#### Assignment:
Could you restate, exactly and with nothing added, the lines from the start of the data through the line that holds "Formulaires medicaux et", leaving the pictures out?

#### The data:

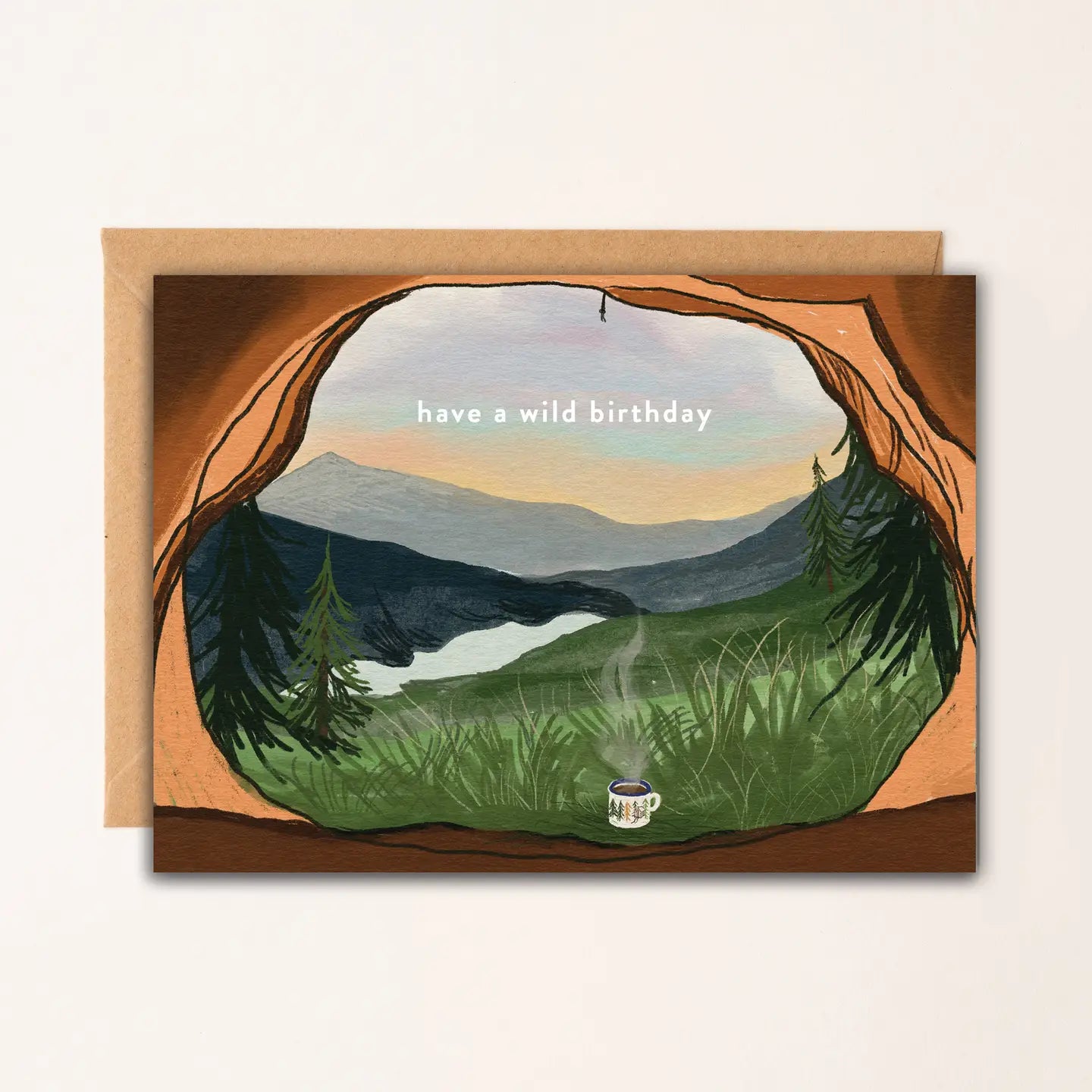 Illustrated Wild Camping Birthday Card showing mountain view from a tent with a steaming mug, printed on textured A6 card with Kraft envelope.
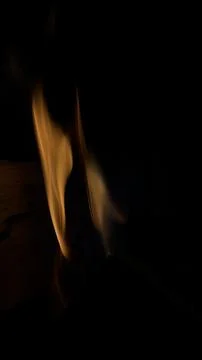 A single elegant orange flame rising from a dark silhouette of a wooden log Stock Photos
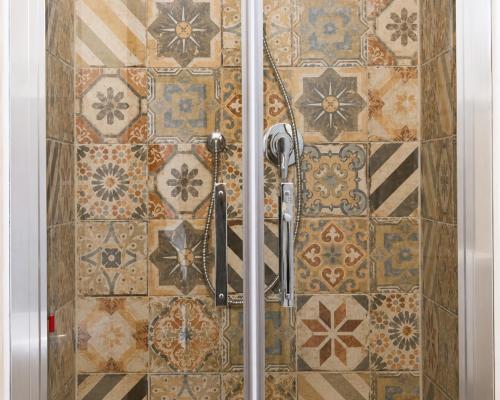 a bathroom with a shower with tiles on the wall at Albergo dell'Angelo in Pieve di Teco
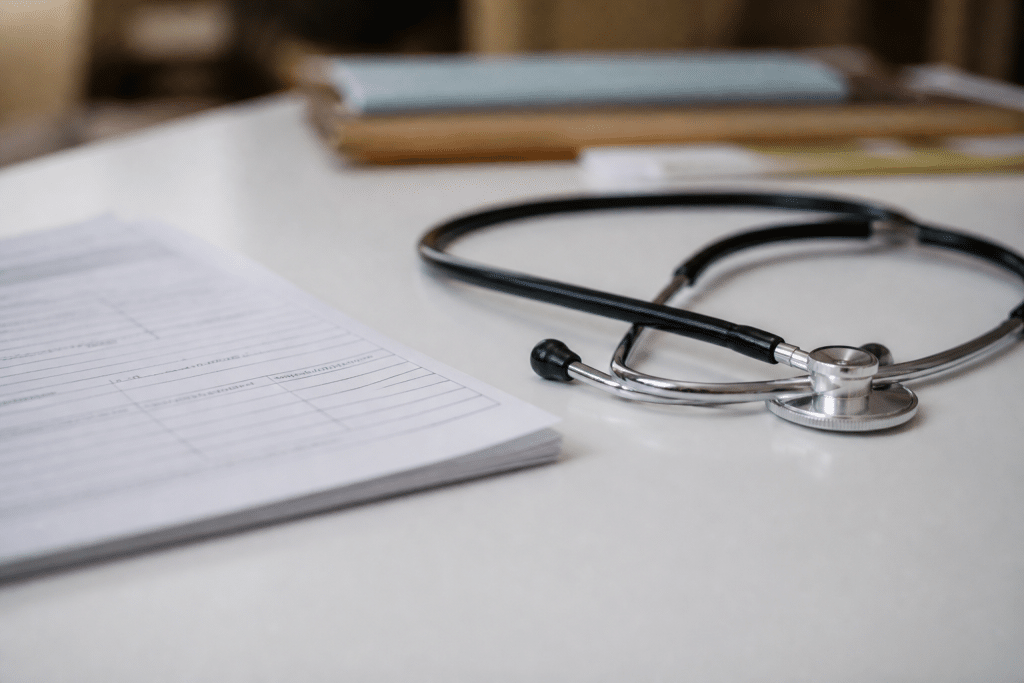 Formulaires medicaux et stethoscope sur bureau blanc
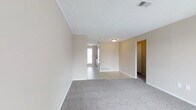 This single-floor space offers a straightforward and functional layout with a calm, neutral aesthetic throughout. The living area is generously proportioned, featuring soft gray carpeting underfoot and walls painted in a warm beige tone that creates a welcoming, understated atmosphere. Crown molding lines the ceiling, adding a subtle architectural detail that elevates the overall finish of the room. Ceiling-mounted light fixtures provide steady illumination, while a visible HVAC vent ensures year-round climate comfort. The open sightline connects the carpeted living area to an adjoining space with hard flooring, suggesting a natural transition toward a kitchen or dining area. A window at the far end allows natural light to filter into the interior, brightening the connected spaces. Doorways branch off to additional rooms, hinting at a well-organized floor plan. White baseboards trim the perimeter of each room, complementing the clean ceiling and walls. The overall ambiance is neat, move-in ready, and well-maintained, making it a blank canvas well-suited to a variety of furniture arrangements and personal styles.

#### Reply:
 Illustrated Wild Camping Birthday Card showing mountain view from a tent with a steaming mug, printed on textured A6 card with Kraft envelope.
 A single elegant orange flame rising from a dark silhouette of a wooden log Stock Photos
 a bathroom with a shower with tiles on the wall at Albergo dell'Angelo in Pieve di Teco
 Formulaires medicaux et stethoscope sur bureau blanc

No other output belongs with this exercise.